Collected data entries

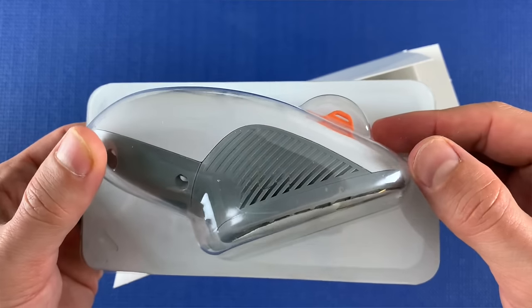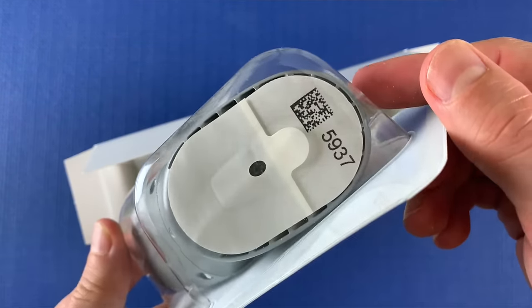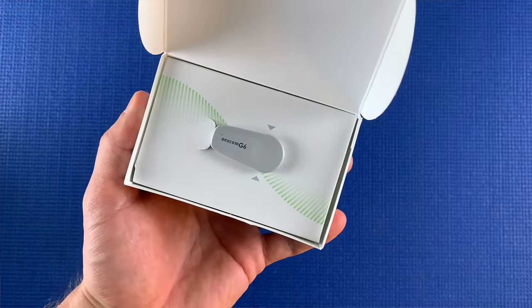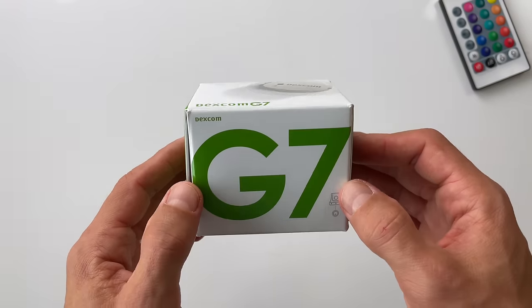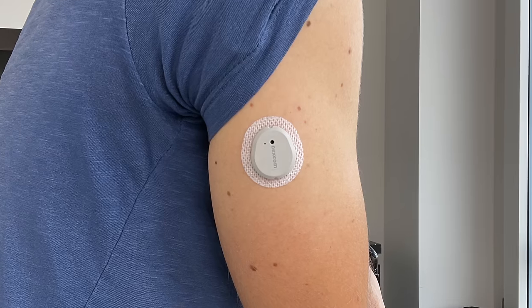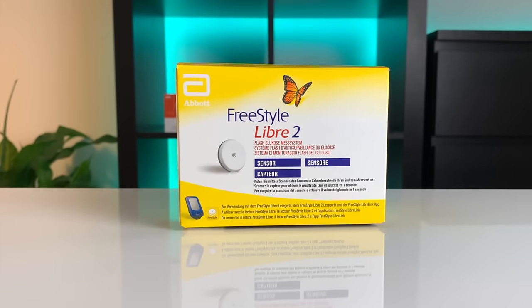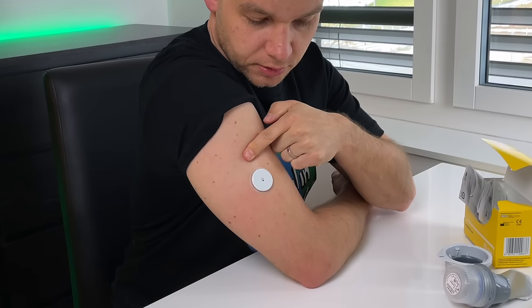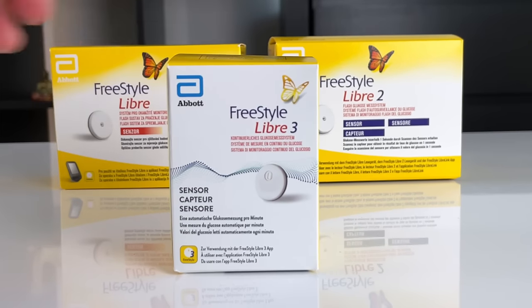Both companies are working on integrating Dexcom G7 and Freestyle Libre 2 in late 2023 or early 2024, with Freestyle Libre 3 expected to follow. Tandem seems slightly ahead of Insulet on integrating these additional sensors so they might launch them earlier, but we'll see.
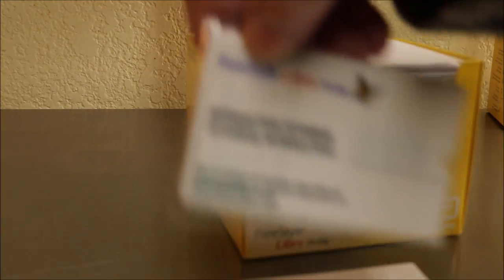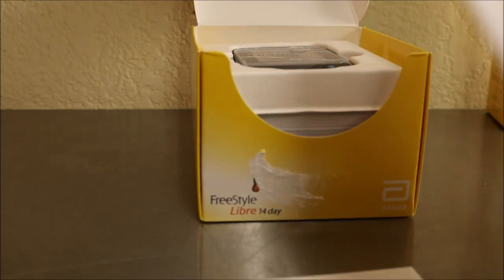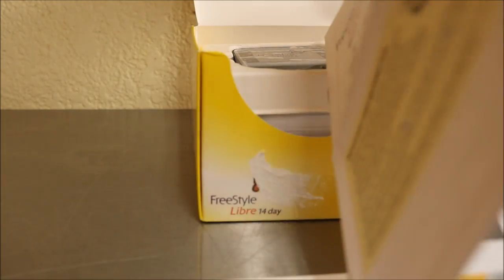I bruise on my fingertips so I don't want to stick them anymore. Here's the reader — let's open that first. There are little books inside; this one's not in my language. There's an interactive tutorial USB, a big book, and one in Spanish. The quick reference guide is for me — it's a little booklet that tells you how to install the apparatus on your body and how to use it.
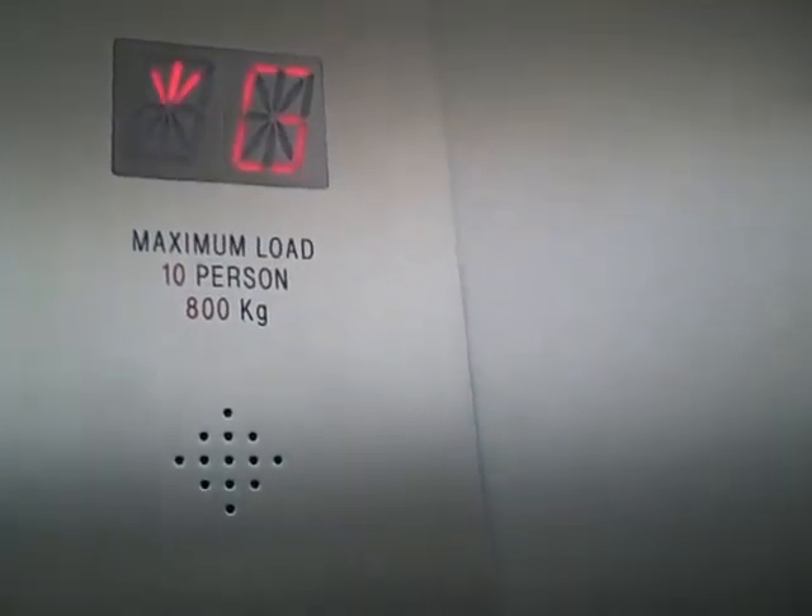This is the lift at Zara in Nottingham. We're going to start with a down lift — we're going to go down to the basement. It's a Crown lift, capacity 10 persons, 800 kilos.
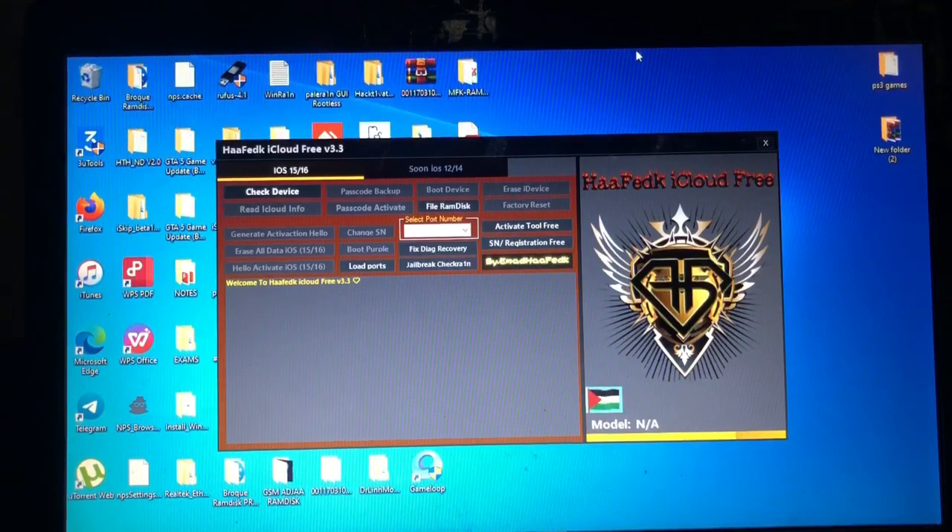The tool has hello bypass, password bypass, and you can also use it to change your serial number — that is also for checkmate devices. Some devices will require the CST cable, I think that's for iPads. I'll show you a simple tutorial on how to bypass your device on the hello screen.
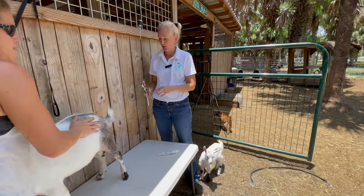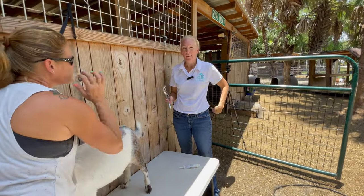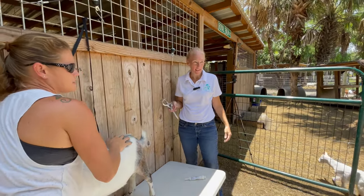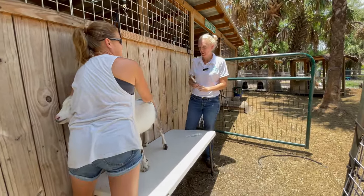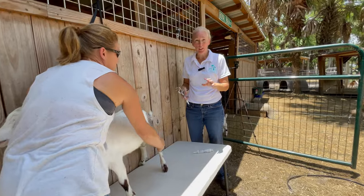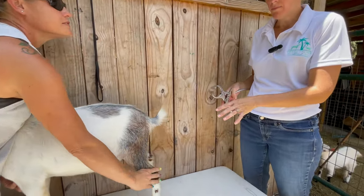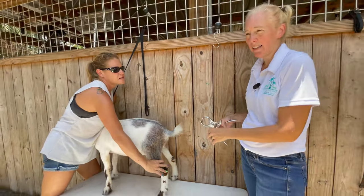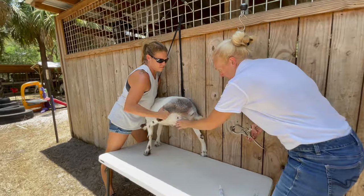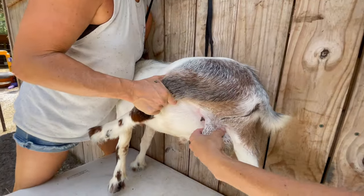We're back — we had a slight break because the goats tried to break into the feed shed, but crisis averted. We've done the left side, which we already showed. Now we're going to do the right side and then he'll be done. You can see our little indent there on the left side.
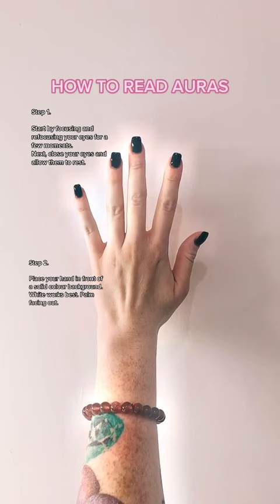Step 2: Place your hand in front of a solid colour background. White works best. Palm facing out.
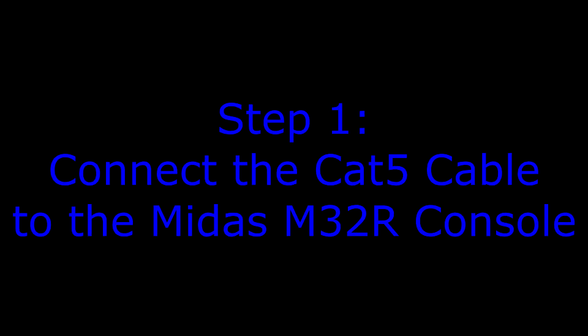This is an instructional video on how to connect the M32R to the PA system and get sound coming out of the PA system.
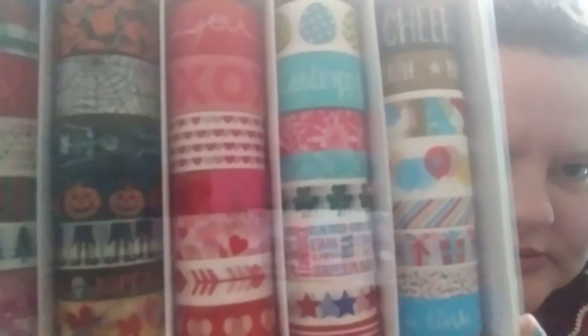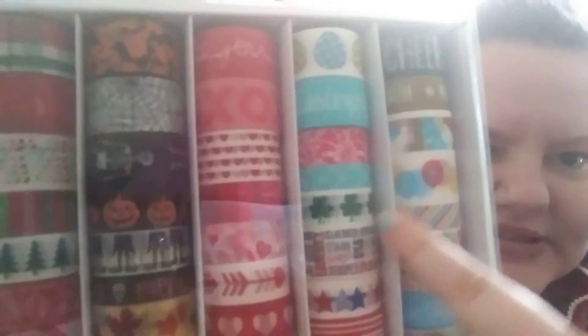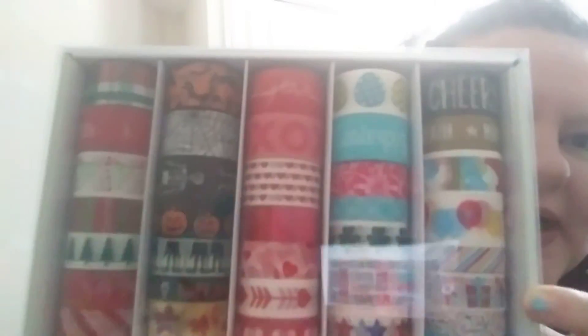So I got this 45-pack of seasonal washi tape. I've been wanting it for three years and I finally got it. There's Christmas, Halloween, some fall, Thanksgiving, Valentine's Day, Easter, spring-ish stuff, St. Paddy's Day, 4th of July, New Year's, and Birthdays.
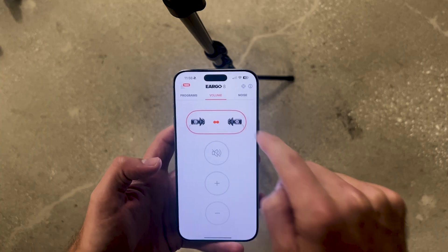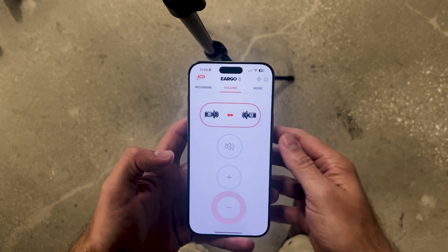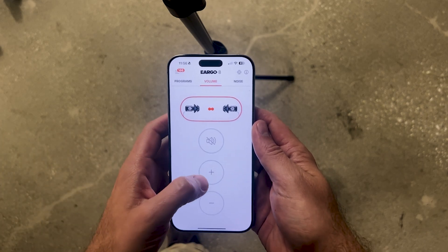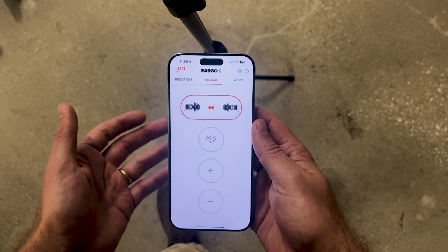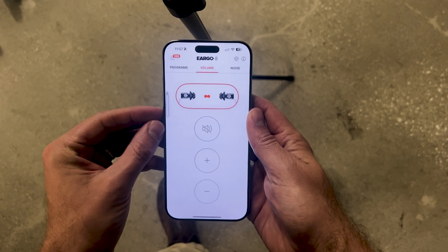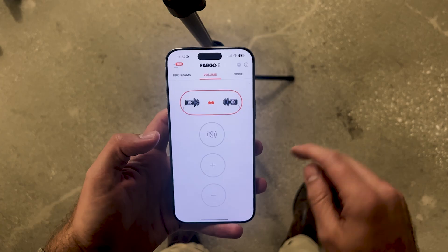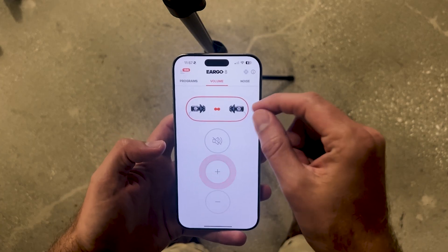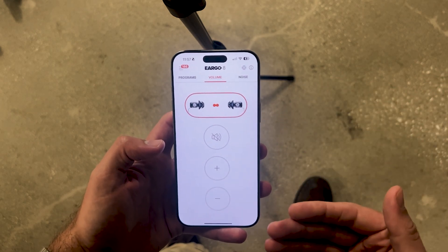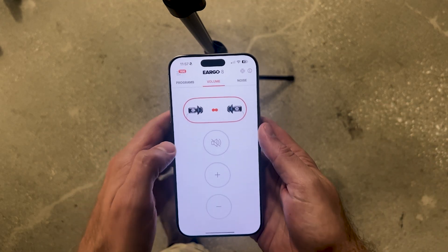There are three main tabs in the app. The first one is volume — hit the plus sign to increase the volume, hit the minus sign to decrease it. It's worth noting that these devices are not controlled through Bluetooth; they actually use a quiet, high-frequency signal that goes up to the devices and tells them what to do. Because of that, you'll want to make sure your phone's volume is at least at 60% so that your hearing aids can hear the phone making noise. You can only change the volume by about five clicks down and five clicks up before you hear min or max.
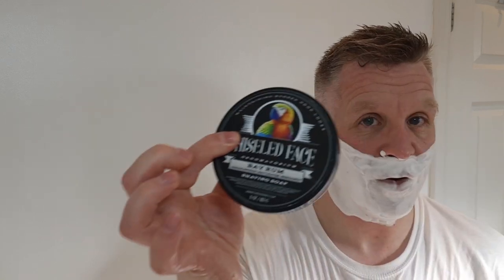Wow look at this lather, it's fantastic! I've never used a Chiseled Face before - I wanted the one with the menthol in it, I can't remember what it's called. It's supposed to be one of the strongest menthols out there - I think it's something like nitrogen, I don't know, I'm gonna butcher it so I'm gonna shut up. I'll heat the razor up now.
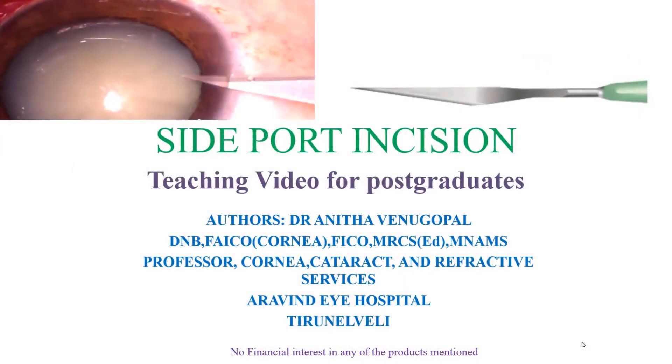The side port incision made in manual small incision cataract surgery may appear as a small and trivial step, but it has great significance for a successful surgery. Here is a teaching video on proper side port construction for learning postgraduates.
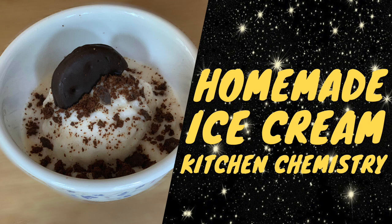Hi everyone, and welcome to today's video! Today we're going to be doing a super fun experiment — we're going to be making ice cream. First, let's go over what we need for the experiment, and then we'll get right into it.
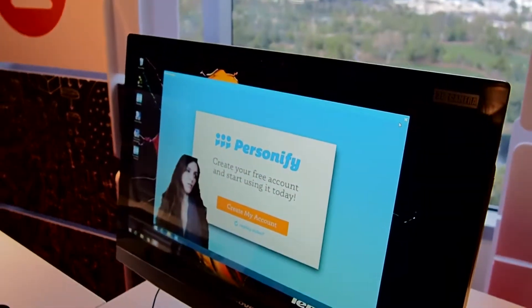Hi guys, this is Valentina Palladino from Tom's Guide. We're here with Lenovo's B50 desktop, but what we really want to show you here is Intel's RealSense 3D camera.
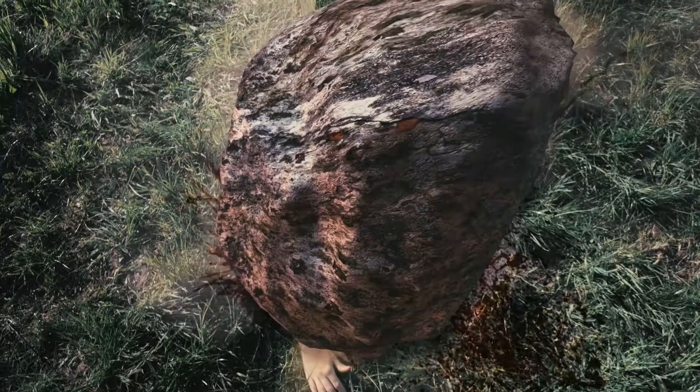Hi guys, welcome to the behind the scenes for Rock Paper Scissors. This video will show you essentially how we put together all the VFX and even show you a bit of recording.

PROBLEM TO SOLVE:
Of the records above, print only the lines from the one containing "I bruise on" through the one containing "This is an instructional", inclusive and unaltered, leaving out pictures.

SOLUTION BELOW:
I bruise on my fingertips so I don't want to stick them anymore. Here's the reader — let's open that first. There are little books inside; this one's not in my language. There's an interactive tutorial USB, a big book, and one in Spanish. The quick reference guide is for me — it's a little booklet that tells you how to install the apparatus on your body and how to use it.
This is the lift at Zara in Nottingham. We're going to start with a down lift — we're going to go down to the basement. It's a Crown lift, capacity 10 persons, 800 kilos.
The tool has hello bypass, password bypass, and you can also use it to change your serial number — that is also for checkmate devices. Some devices will require the CST cable, I think that's for iPads. I'll show you a simple tutorial on how to bypass your device on the hello screen.
We're back — we had a slight break because the goats tried to break into the feed shed, but crisis averted. We've done the left side, which we already showed. Now we're going to do the right side and then he'll be done. You can see our little indent there on the left side.
Step 2: Place your hand in front of a solid colour background. White works best. Palm facing out.
This is an instructional video on how to connect the M32R to the PA system and get sound coming out of the PA system.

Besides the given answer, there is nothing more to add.